I credit this personal shift to a conversation I recently had between Loren Kutsko, Director of Strategy and Information Management at Food for the Hungry, and Mark Kaech, Grassroots Campaigns and Special Projects, also at Food for the Hungry. It’s inevitable that when you put us together, we’ll talk about the latest tools and happenings in the technology world. When I expressed my apprehension about making some major shifts in how I manage my information, which ultimately translates into a more seamless transaction in the real estate contract process, I was met with the reality that I was still doing things the “Gen-X” way, and not the “Gen-Y” way and that the tools that I need are available at a fraction of the cost.

As someone who considers himself open to change, to be struck with the possibility that I’m not standing at the front of the technology-progress boat anymore caused me to reassess my ways.

The Challenge

I’ll keep this simple. I want my contacts on my iPhone to be identical to my contacts on my computer. When I read a message in my inbox and it’s marked unread, I want it to be universally marked unread so I never have to read it again unless I need to re-visit the message. I want my calendar on my phone to have the same information as my computer, and the same information as my online calendar at Google.

I want complete and seamless synchronization of all of my data so I can get to it anywhere, anytime.

The Old Solution

Microsoft Exchange Server in concert with Mobile ActiveSync, Outlook, and Outlook Web Access. If not self hosted at my own facility with over $6000 worth of hardware and software required, at the very least, paid for on a single-user basis at an exchange hosting company for about $10.00/month.

The New Way

This is so simple it amazes me that I didn’t think of it before. A note of caution. If you aren’t willing to rethink how you manage your information, almost completely, you’ll be very frustrated if you try to do this.  In fact, you may not be able to do this. There are also some pre-requisites that are assumed prior to making this type of change.

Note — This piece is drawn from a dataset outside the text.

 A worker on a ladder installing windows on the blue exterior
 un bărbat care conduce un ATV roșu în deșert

  • You need your own domain name.  Lose the gmail extension, the yahoo account, the free e-mail identity.  Get your own domain name and start branding yourself personally so you never have to change it.  If your company gives you an e-mail address, use it for company communication only, and get your own identity.  you@yourname.com is far more valuable than you123@yoohoo.lame.com.
  • You need a smart phone, and preferably, an iPhone.  More tools will emerge at lower and lower costs, but this is where I am today.
  • I matters not whether you have a MAC or a PC anymore.  Entourage and Outlook are no longer needed.
  • Please use either Firefox or Chrome as your primary internet browser.  Internet Explorer should only be used if the idiots on the other end of the website you need to use have failed to develop a more compatible site and it requires Internet Explorer to work.  Safari will suffice, but I personally avoid it.  Firefox is my first choice for now.

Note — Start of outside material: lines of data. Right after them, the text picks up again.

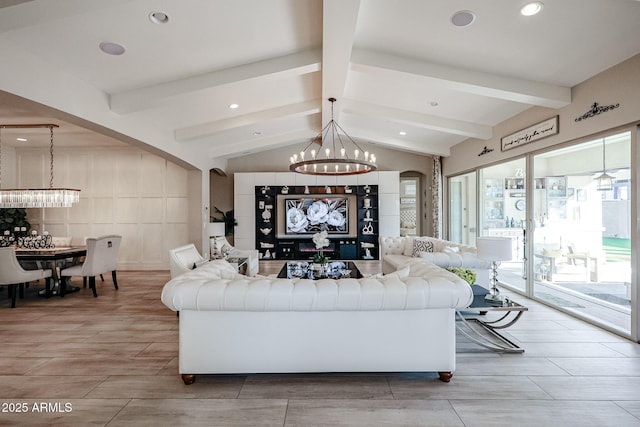 living room featuring lofted ceiling with beams, wood tiled floor, and a chandelier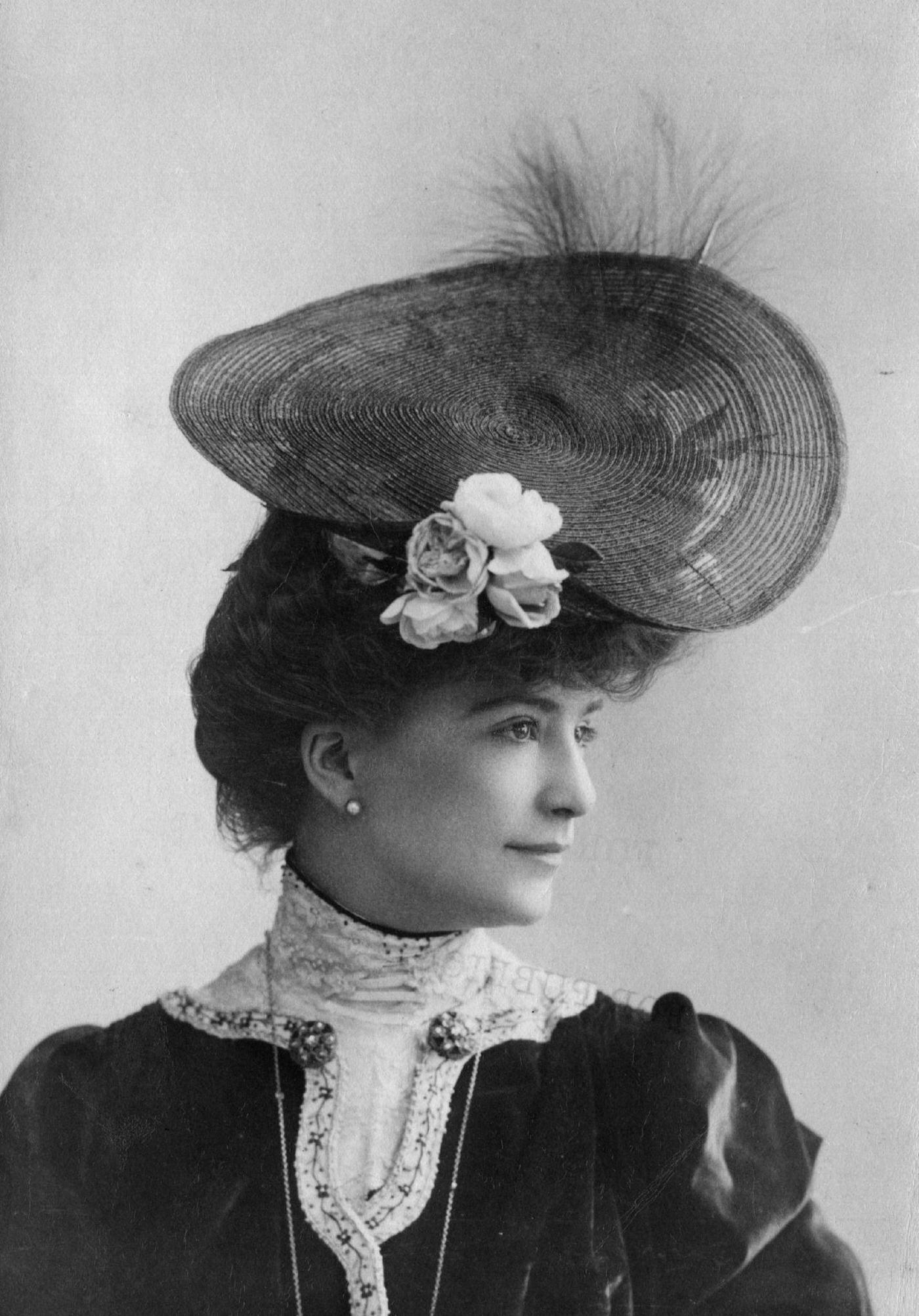 #56 An Edwardian woman wears a circular hat with flower and feather trimming in 1903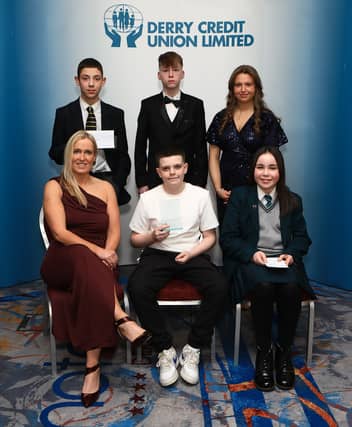 Amanda Johnson, Conor Roberts Lynch, winner of the Carer Award, and Mary-Kate Tierney, runner-up. Standing from left, are Marcus Swerdlick, Ryan McLaughlin and Ava Doherty.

So What are the Changes I Actually Made?

I moved all of my data from Exchange to Google.  I moved my calendar to Google Calendars, my contacts to Google, and all of my e-mail to Google.  My notes are kept nice and neat using Evernote, my tasks…well, I never used tasks because we still need a good system that supports task dependencies and hierarchical action plans.  My website resides at another hosting provider, but all of the e-mail traffic is bounced to Google and handled by Google in a very easy to use Gmail interface.  No, I do not have a @gmail.com address.

How did I do this?  Well, it didn’t happen overnight.  I have lots of information that needed to be moved, and I’m still sorting out a few things here and there.  My website never went down, but my e-mail was interrupted for a few hours, so if you do this, you should make it a late night event.

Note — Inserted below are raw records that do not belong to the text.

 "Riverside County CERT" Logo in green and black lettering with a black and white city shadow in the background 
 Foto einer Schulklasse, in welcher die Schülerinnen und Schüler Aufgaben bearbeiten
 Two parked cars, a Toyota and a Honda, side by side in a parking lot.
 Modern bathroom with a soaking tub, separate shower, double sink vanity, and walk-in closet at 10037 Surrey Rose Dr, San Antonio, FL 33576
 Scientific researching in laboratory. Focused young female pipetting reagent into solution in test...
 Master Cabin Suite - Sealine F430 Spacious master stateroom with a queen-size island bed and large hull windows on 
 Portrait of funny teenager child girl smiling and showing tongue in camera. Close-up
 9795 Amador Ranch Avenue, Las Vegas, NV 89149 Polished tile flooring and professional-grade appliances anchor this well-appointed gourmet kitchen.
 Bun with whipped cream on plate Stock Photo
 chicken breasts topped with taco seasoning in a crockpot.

All of these steps were accomplished in phases to ensure it was going to work, but there were some leaps of faith involved.  I made sure to get into the forums on Google to search for potential problems, then I dove in.

Before you do anything, backup all of your Outlook data.

Step 1: Establish Google Apps account for my domain.  (assumes you have a domain name already: www.godaddy.com to solve this problem.)

This is so easy.  Go to www.google.com/apps and sign up for Google Apps for Business.  It’s $50.00/year per user.  Go for the free 30 day trial (you can click here for that).

Step 2: Using the MX settings that Google gives you after you’ve setup your account, go to your domain manager at Godaddy.com or wherever you registered your domain, and modify the MX records.  Don’t screw it up and record the settings that were already there.  If you need to call someone there, do so.  They’ll help you do it.

Step 3: Watch the mail start rolling in.  It takes about 2 hours or so to kick in.

Step 4: Setup a new e-mail account on your iPhone using the gmail settings.  Now you have completely synchronized e-mail on your phone and through your gmail interface.

Step 5: Export all of your calendar data from Outlook or Entourage, or from wherever you keep it.

Step 6: Import your calendar from within your new Google account.

Step 7: Export all of your contacts from whatever program you’re using.

Step 8: Import your contacts into Google.

Step 9: Setup a new mail account using the Exchange option on your iPhone.  Follow these simple instructions to do so. Since you have already setup a mail account on your phone, make sure that your iPhone is set to sync only Calendar and Contact items, not mail.  The iPhone only allows one exchange configuration, so having a recent backup is going to make your life much easier at this point because you can delete your current exchange setup (if you have one) without losing your data.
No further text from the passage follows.